Fortuynia bungei Boiss., Fl. Orient. 1: 402. 1867.

Type: “Hab. ubique in Persiâ australi trans desertum magnum et inter Yezd et Ispahan (Bunge!). in deserto circa Djendack (Buhse!), in Affghaniâ occid. ad Anarderch (Bunge!)”.

Lectotypus (designated here): IRAN: “inter Jesd et Isfahan ”, V.1859, Bunge s.n. (G-BOIS [G00332669]; isolecto-: P [P00741667, P00741668]) . Syntypus: IRAN: “Persia”, 1847, Buhse 1259 (G-BOIS [G00332668], LE) .

= Fortuynia garcinii (Burm.) Shuttlew. ex Boiss. in Ann. Sci. Nat., Bot. ser. 2, 17: 178. 1842.

Notes. – The lectotype is a collection folder of two sheets, the label of one is handwritten by Bunge and the other has a printed label and the species name in Boissier’s handwriting.

No material of Bunge from Afghanistan was found in the Geneva herbaria, and it is likely that such material is at LE. Of the six sheets collected by Bunge and deposited at P, only the above two probably qualify for isolectotypes, though the printed label indicate April instead of May 1859, and the locality data was written in pencil that almost completely faded away.

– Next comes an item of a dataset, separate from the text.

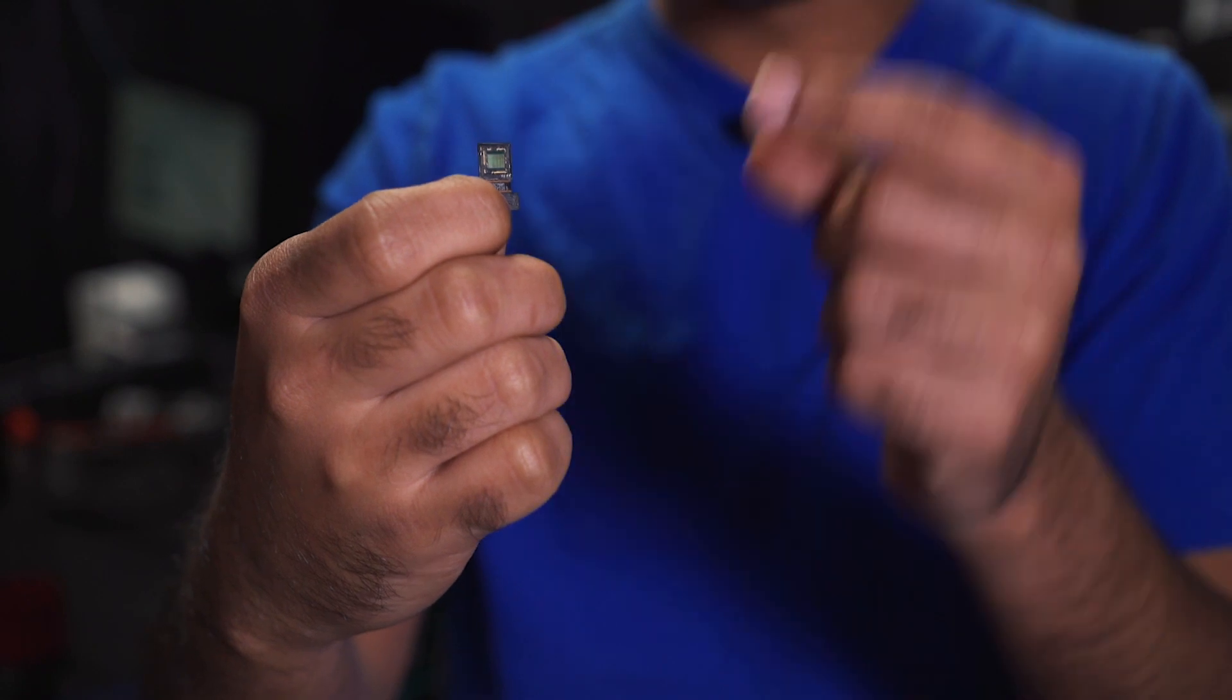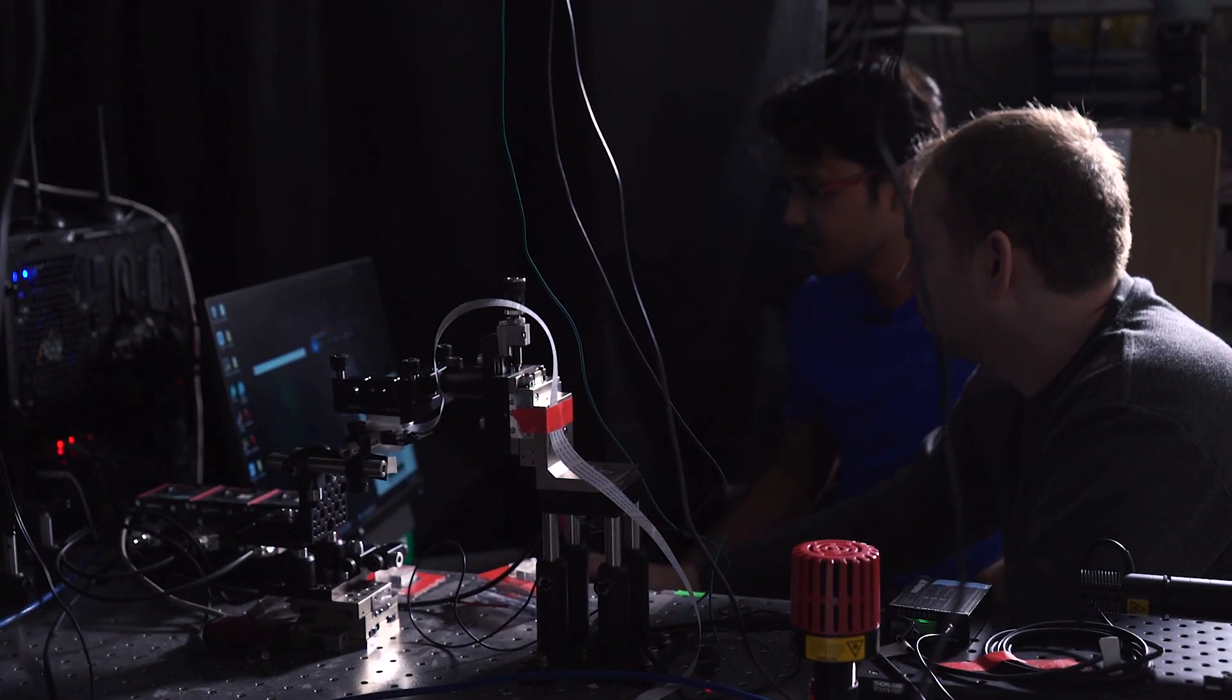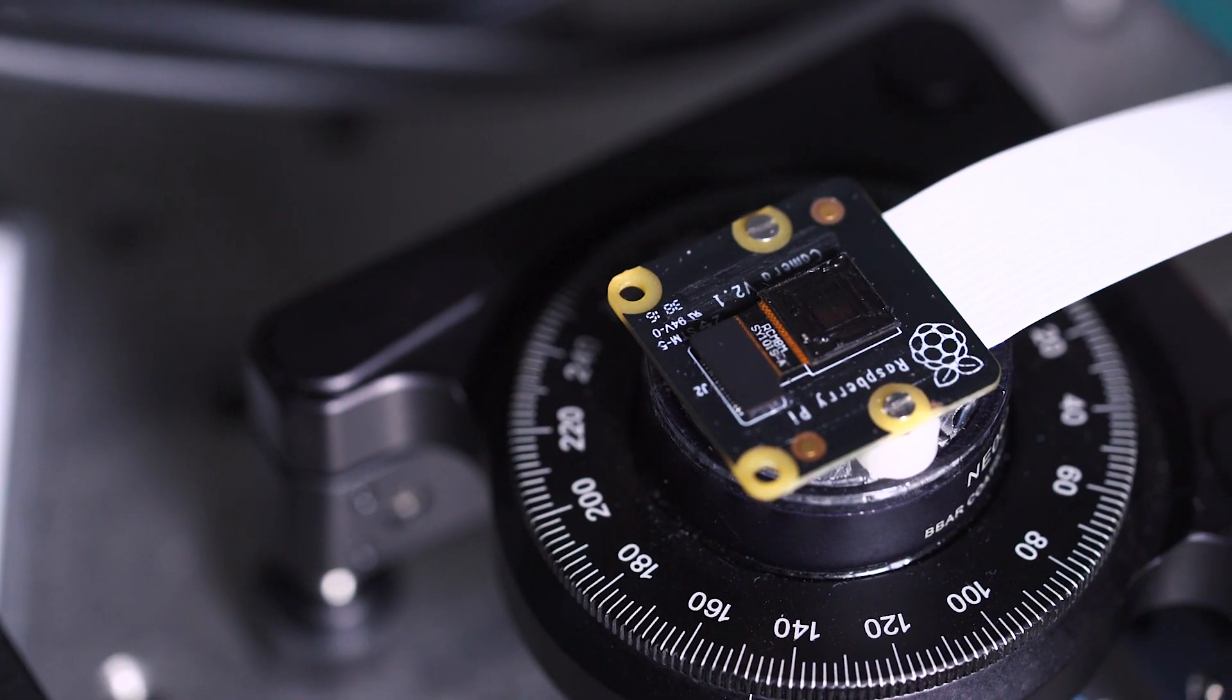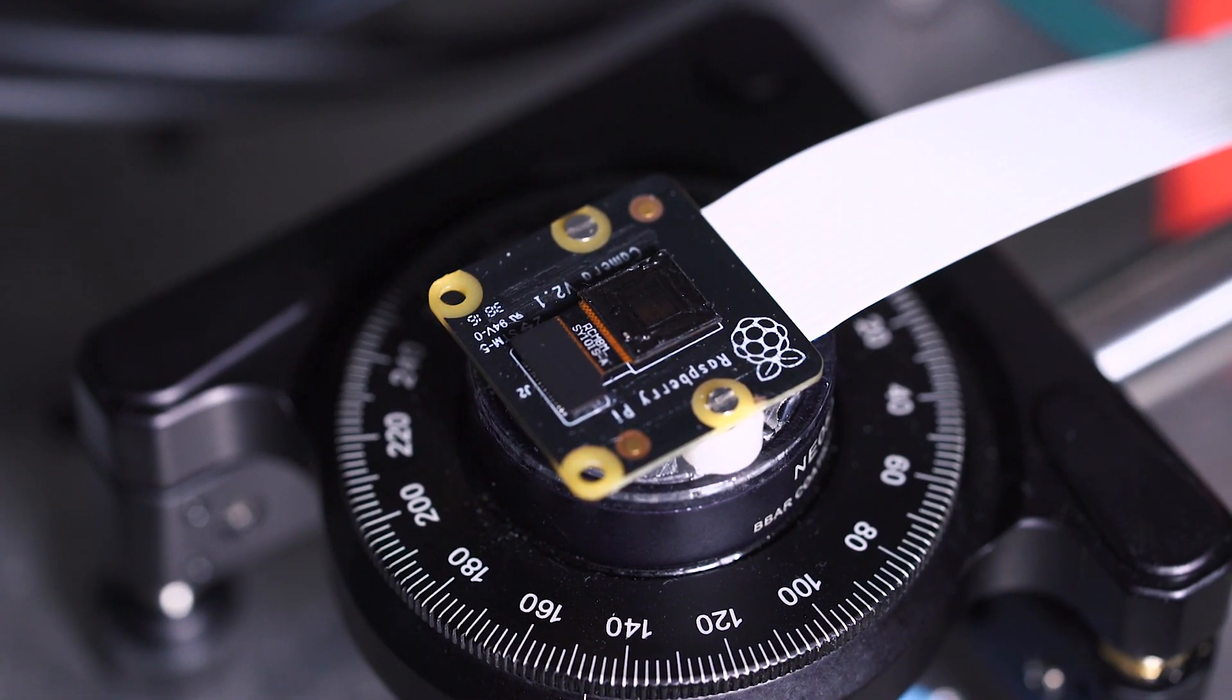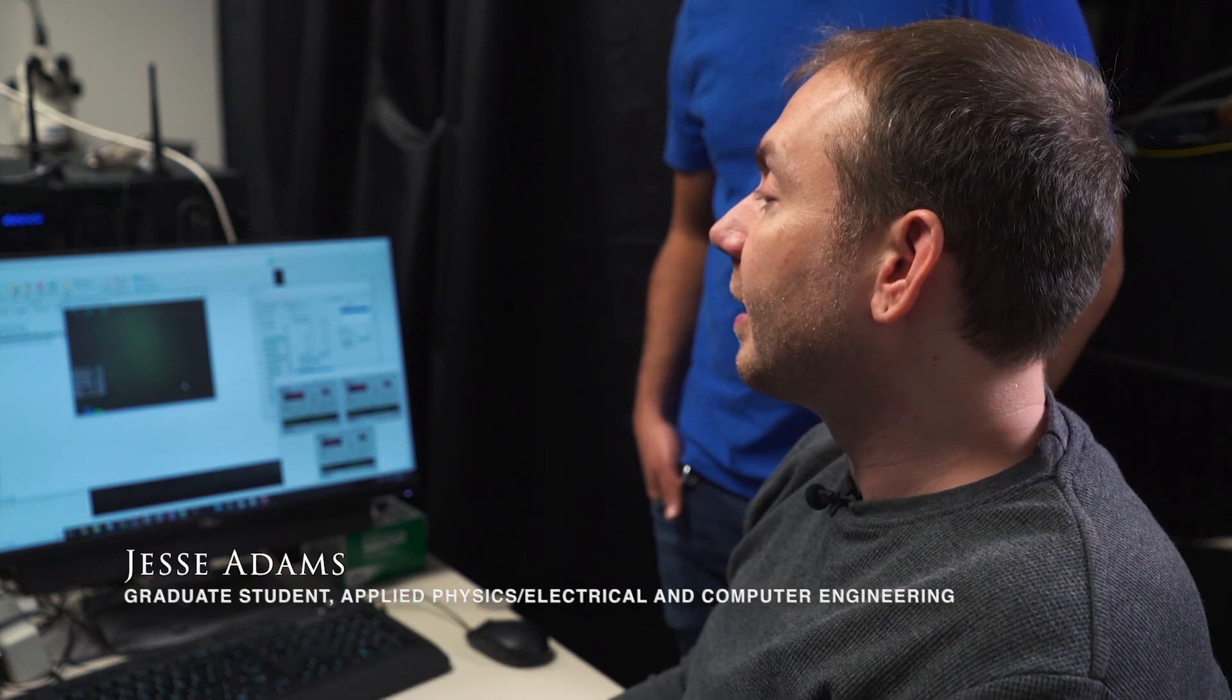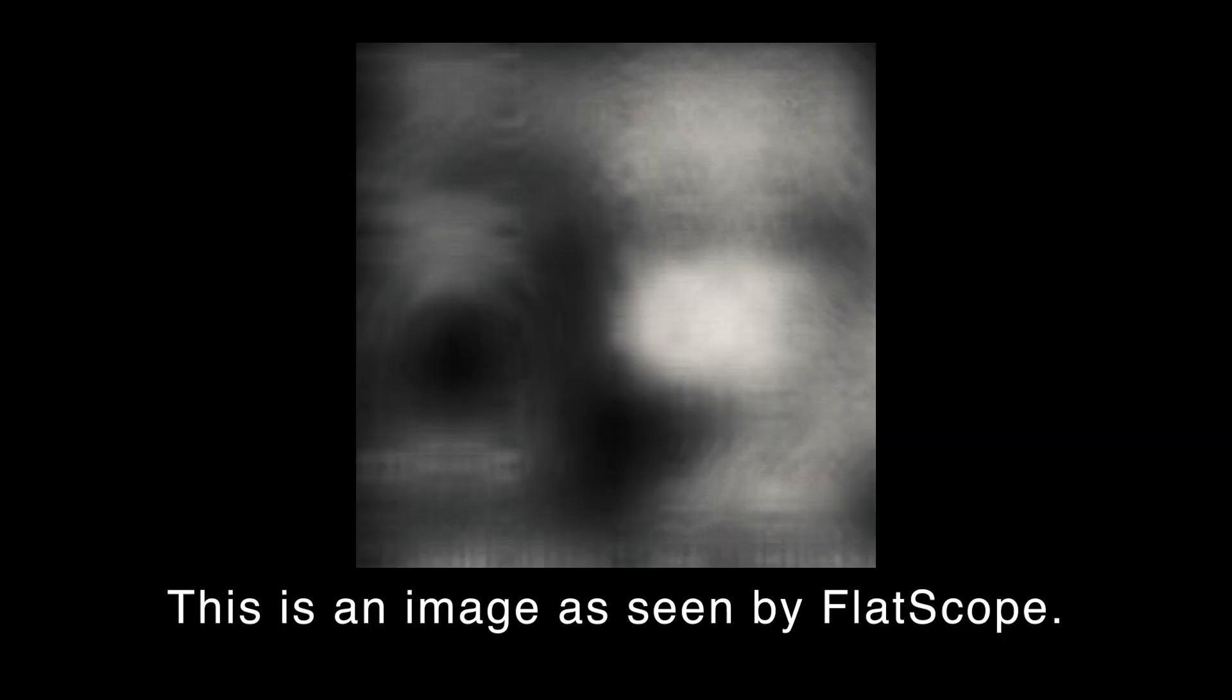By removing the lens, we can make it this small, but we have to compensate for the lens somehow. So we're removing the lens completely from the system and replacing it with an amplitude mask, which basically blocks some of the light and allows some of the light to come through directly to the sensor. What we see is some combination of those open and closed areas landing on the sensor, and we use that to reconstruct the image.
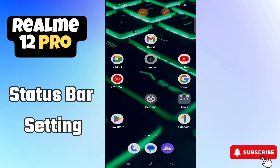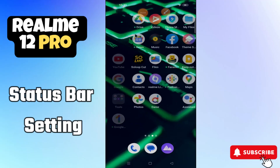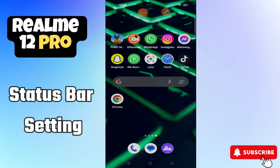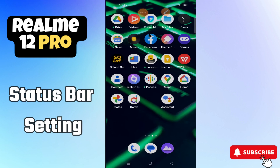In today's video tutorial I will tell you about the status bar settings — how to add or remove any element in the status bar in Realme 12 Pro. Follow all the steps, watch the complete video, and don't forget to subscribe for further detail. Now let's watch it.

Although HEDGE (1968: 52–53) and JAFRI (1973: 43) recognized two species in Fortuynia, the former author correctly observed that there is a continuous variation in fruit morphology from being typically emarginate and as long as wide ( F. bungei) to the acute or slightly emarginate and longer than broad ( F. garcini) and that such variation can be found within the same population. Therefore, the genus is recognized here as monospecific instead of dispecific (AL-SHEHBAZ, 2012).